Sorry, I don't follow, it absolutely matches ASCII z.

We deinterlace the collation element ordering (not sequence) to get
the right range expression resolution.

See the added fnmatch tests:

+en_US.UTF-8     "a"                    "[a-z]"                0
+en_US.UTF-8     "z"                    "[a-z]"                0
+en_US.UTF-8     "A"                    "[a-z]"                NOMATCH
+en_US.UTF-8     "Z"                    "[a-z]"                NOMATCH
+en_US.UTF-8     "a"                    "[A-Z]"                NOMATCH
+en_US.UTF-8     "z"                    "[A-Z]"                NOMATCH
+en_US.UTF-8     "A"                    "[A-Z]"                0
+en_US.UTF-8     "Z"                    "[A-Z]"                0
+en_US.UTF-8     "0"                    "[0-9]"                0
+en_US.UTF-8     "9"                    "[0-9]"                0

[a-z] matches a-z (including z), *and* all the lowercase inbetween,
and so behaves like :lower: effectively.

[A-Z] matches A-Z (including Z), *and* all the uppercase inbetwee,
and so behaves like :upper: effectively.

I left in all the matches for the accented characters because it was
the most conservative thing to do for now.

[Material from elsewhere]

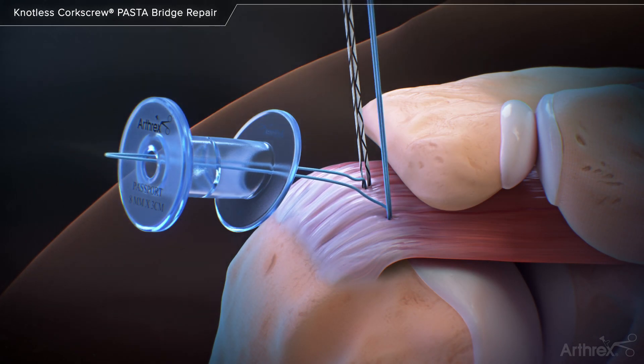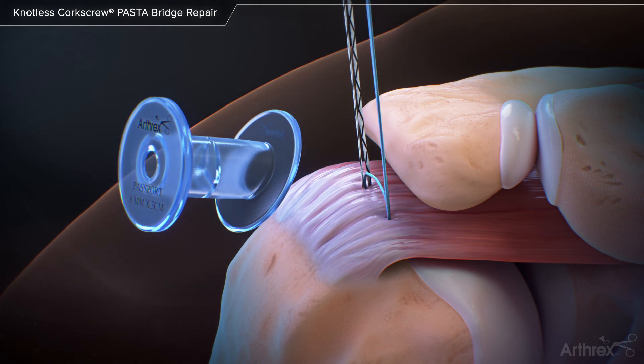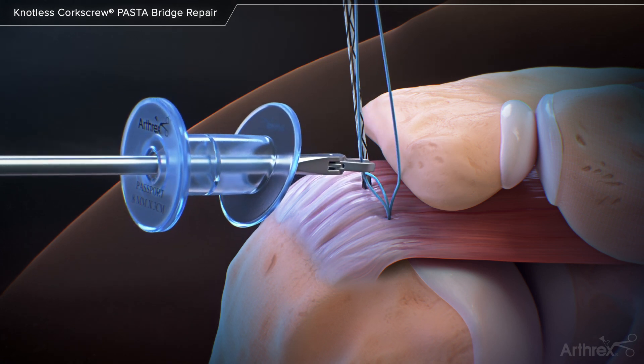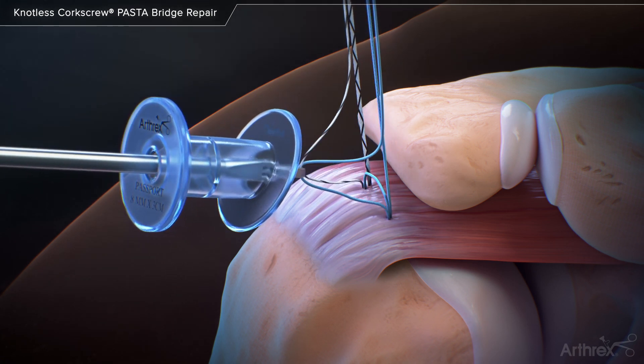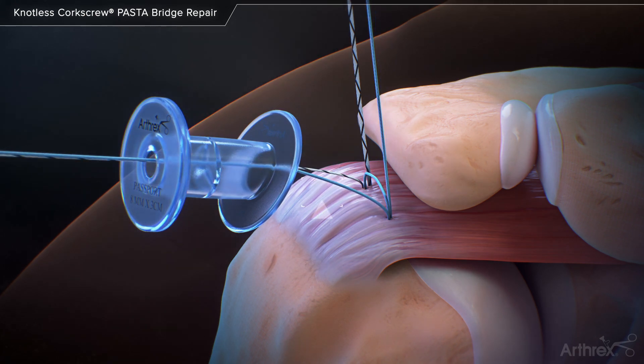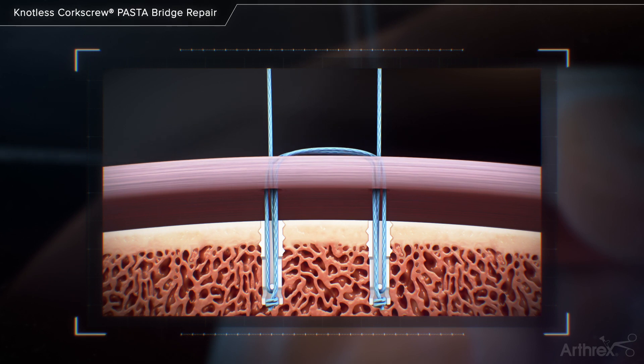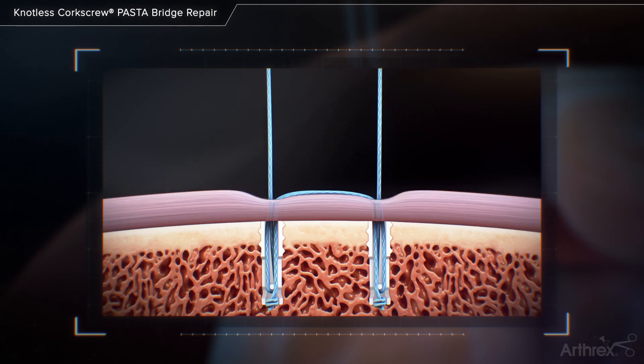The suture is pulled down to the rotator cuff, but not fully tensioned. Next, repeat the previous shuttling steps with the other repair suture and round fiber-link tail. At this point, both sutures are pulled to tension the bridging sutures between the anchors, reducing the medial tissue to bone.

I could be persuaded otherwise I think, just reading the old history
and seeing the new reports seems to indicate we should back down to
behaving like C/POSIX in these cases.

> It's an improvement, and it may be good enough for glibc 2.28, but I would
> rather see us implement the rational ranges interpretation.

That requires all ranges behave rationally?

We could fix a-z, A-Z, and 0-9 easily.

Patch attached.

It has no effect on collation sequence, but it will break scripts
that expect the new-style behaviour, and we knew that, but it
certainly aligns us with the pre-POSIX requirement and the rest of
the GNU tools implementing rational ranges, which is a much better
reason.

-- 
Cheers,
Carlos.